What, Another Textbook? or How This Book Was Born

Those who write tomes of mostly unreadable stuff owe it to their readers to explain what drove them to it. 

Like most textbooks, this work grew out of an increasingly large collection of handouts that were distributed to students over a twenty-year period of teaching the undergraduate operations research class to Industrial Engineering students. It was my favorite class to teach and there was much good natured ribbing from the students as their notebooks bulged more and more with LP handouts to explain things that the textbook did not. After a few semesters they quit buying the assigned textbook because they claimed it wasn't needed. "Hey, Mama Grosh, why don't you just write your own book?" Good idea! Here it is.

The purpose of this monograph is to fill a gap in the linear programming literature, that of explaining the steps that are illustrated but not always fully explained in every elementary operations book— the steps that lead from the elementary and intuitive graphical method of solution to the more advanced simplex tableau method.

Make no mistake: not everybody needs to learn this material! Most of the world, even those technically trained, can get along very well by seeing a few illustrations of simple linear programming problems solved graphically, followed by instruction in the use of computer software for solving real-world problems. But there needs to be a coterie of initiates who understand the process well enough to explain it to others, to know what the pitfalls, ramifications and special cases are, and to provide further developments.

After I had been assigned to teach Linear Programming the first time -- without ever having studied it, I learned it by turning from one textbook to another in a frantic search for the secrets. A mathematician friend once confided that he had tried to learn the subject by himself and found it difficult to do. I have used an informal narrative style with a number of worked out examples and  detailed explanations, to put the topic within reach of those lonely souls who must study without a teacher, as my friend and I did..

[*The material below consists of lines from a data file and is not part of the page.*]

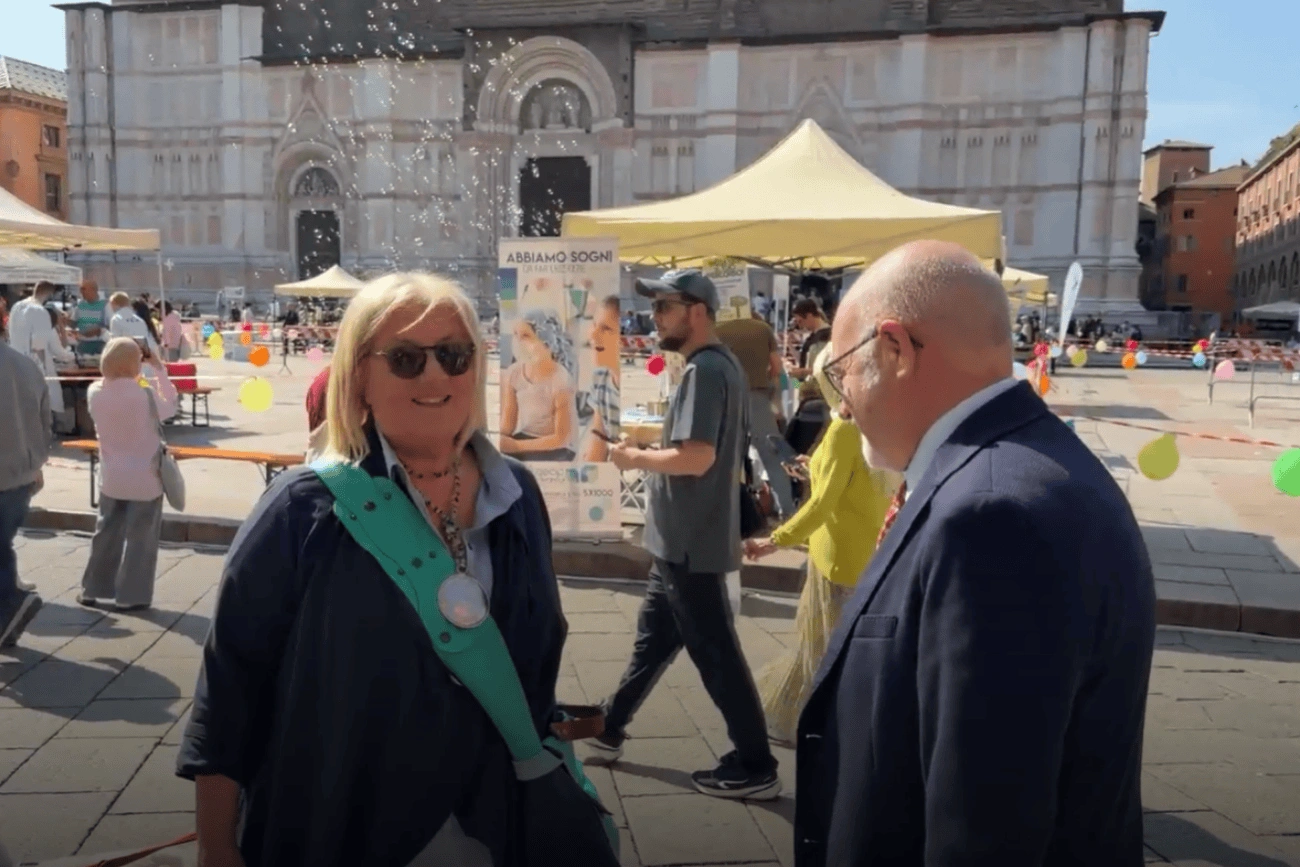 Bolle di sapone per LOTTOANCHIO2026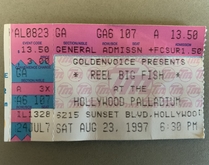 Reel Big Fish / The Aquabats / Action League / Kara's Flowers on Aug 23, 1997 [875-small]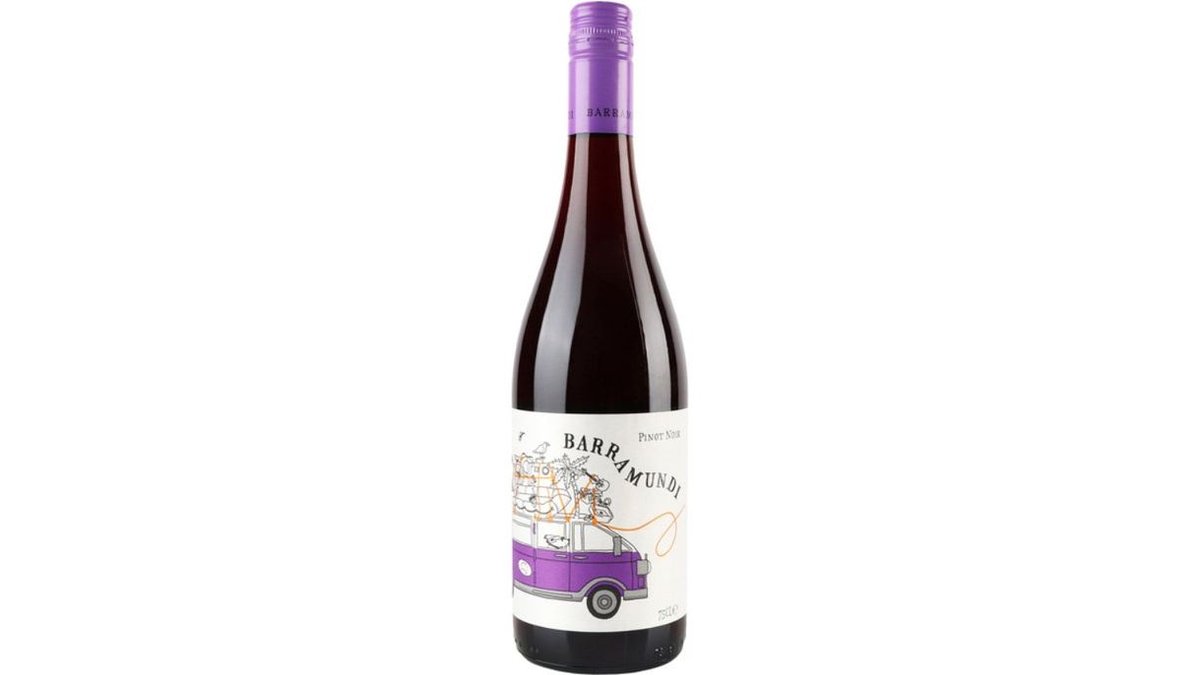 Вино Barramundi Pinot Noir красное сухое 0,75л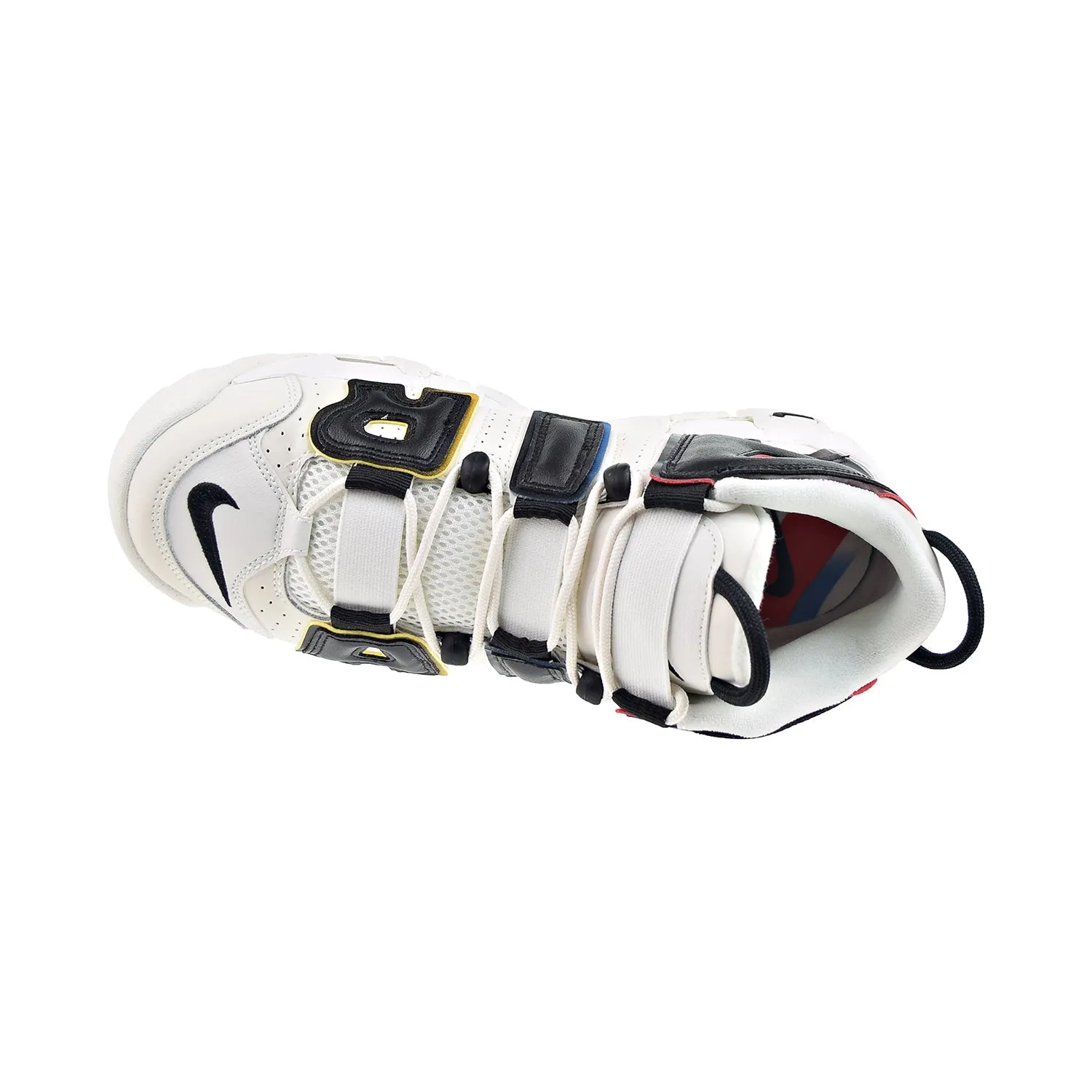 Nike More Uptempo '96 Men's Shoes Sail/Black-Sail-Team Orange
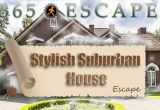 Stylish Suburban House Escape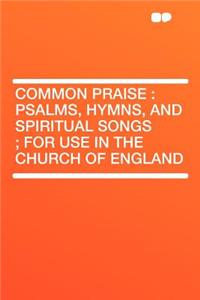 Common Praise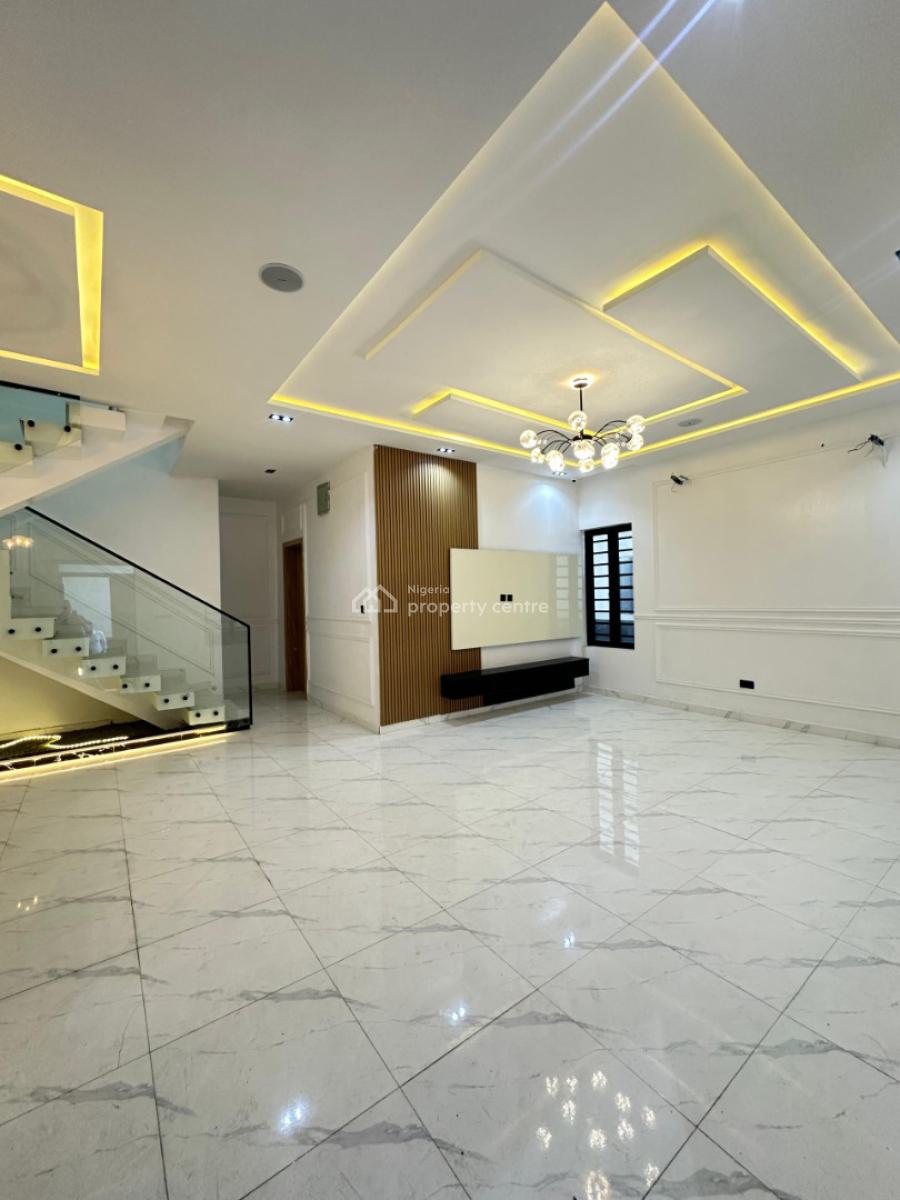 Well-built Spacious Luxury 4 Bedroom Semi-detached Duplex with Bq, Orchid, Lekki, Lagos, Semi-detached Duplex for Sale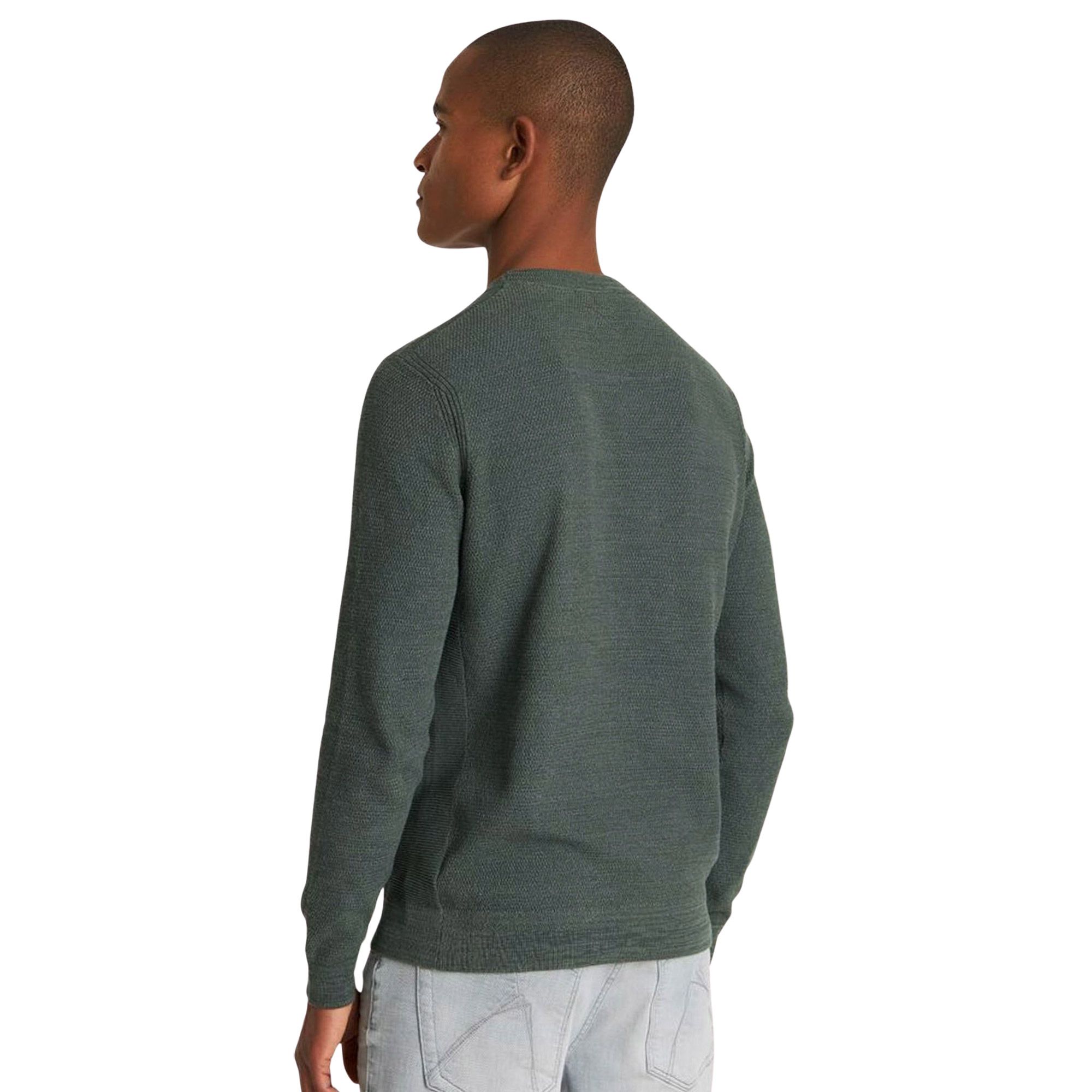 Chasin' Basal Mixed Sweater Heren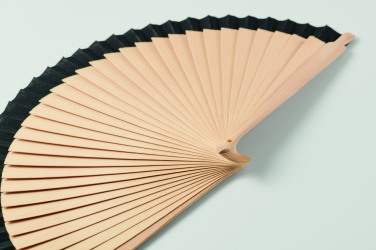 Логотрейд pекламные подарки картинка: Wooden hand fan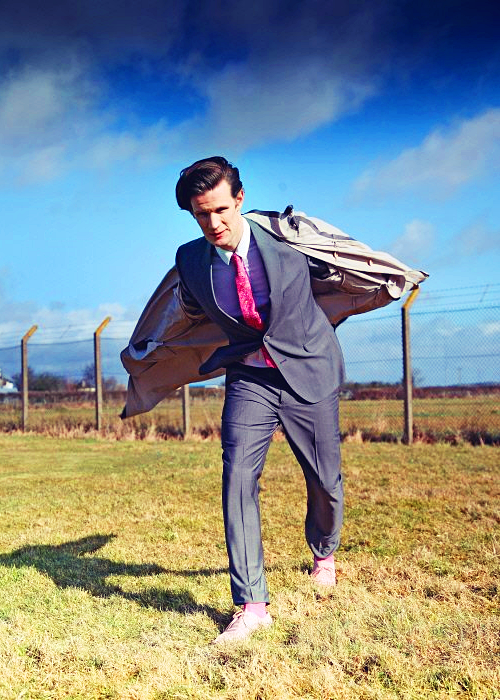 senorpond:  6/100 photos of Matt Smith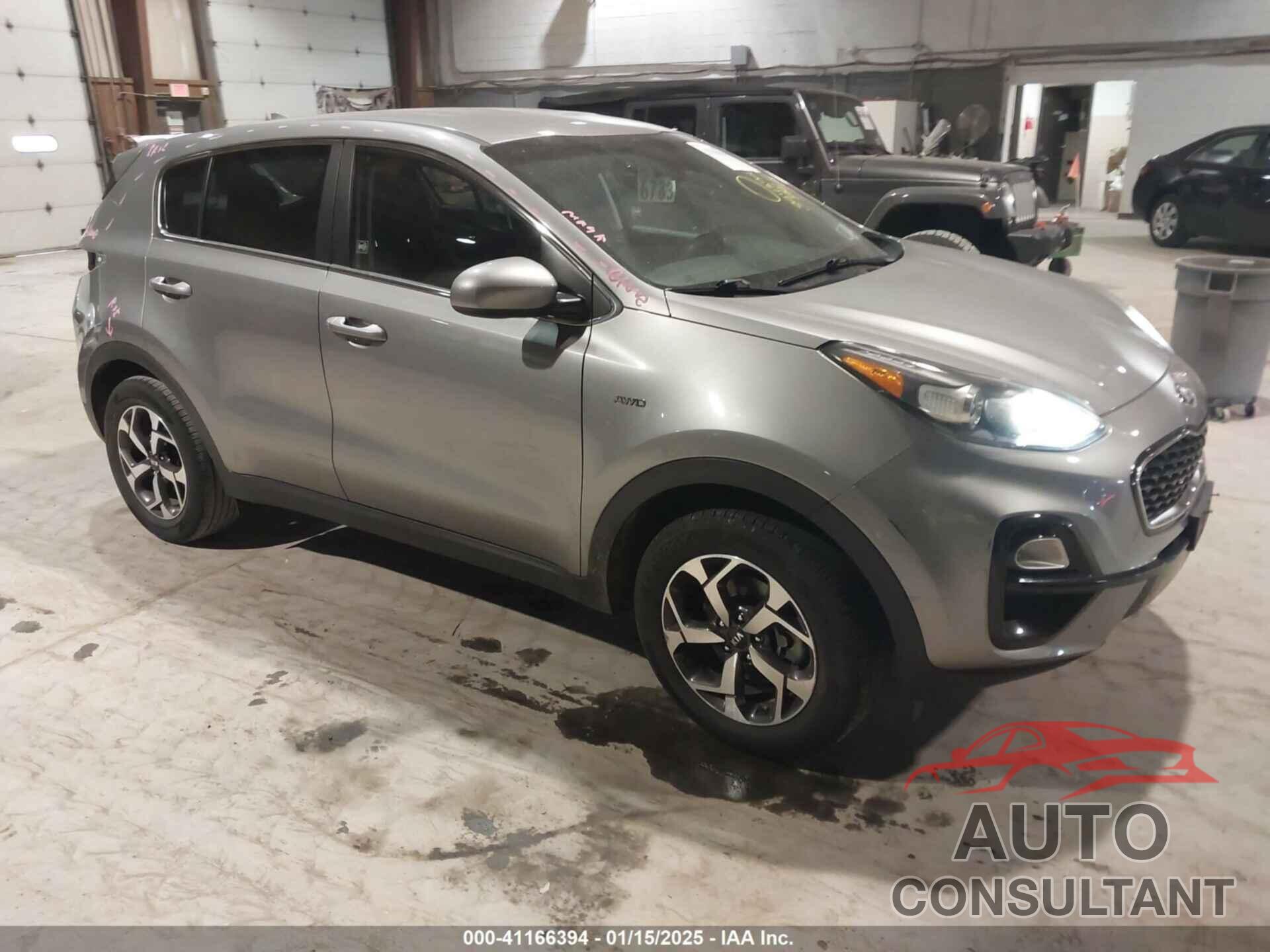 KIA SPORTAGE 2020 - KNDPMCAC5L7769361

The goal in linear programming is to design optimal production schedules, i.e. to allocate resources in such a way that a quantitative goal is achieved in the best way possible, subject to some set of  inherent limitations.  The aim might be to maximize profit or it might be to minimize the idle time of a new expensive machine. The inherent limitations are usually assumed to be factors like raw material availability, plant capacity, labor pool, etc.

All the illustrations are elementary (toy problems, really)  because the goal is to learn what linear programming procedures are about, recognizing that after you learn to understand the process you will rely on good computer software to carry out the calculations.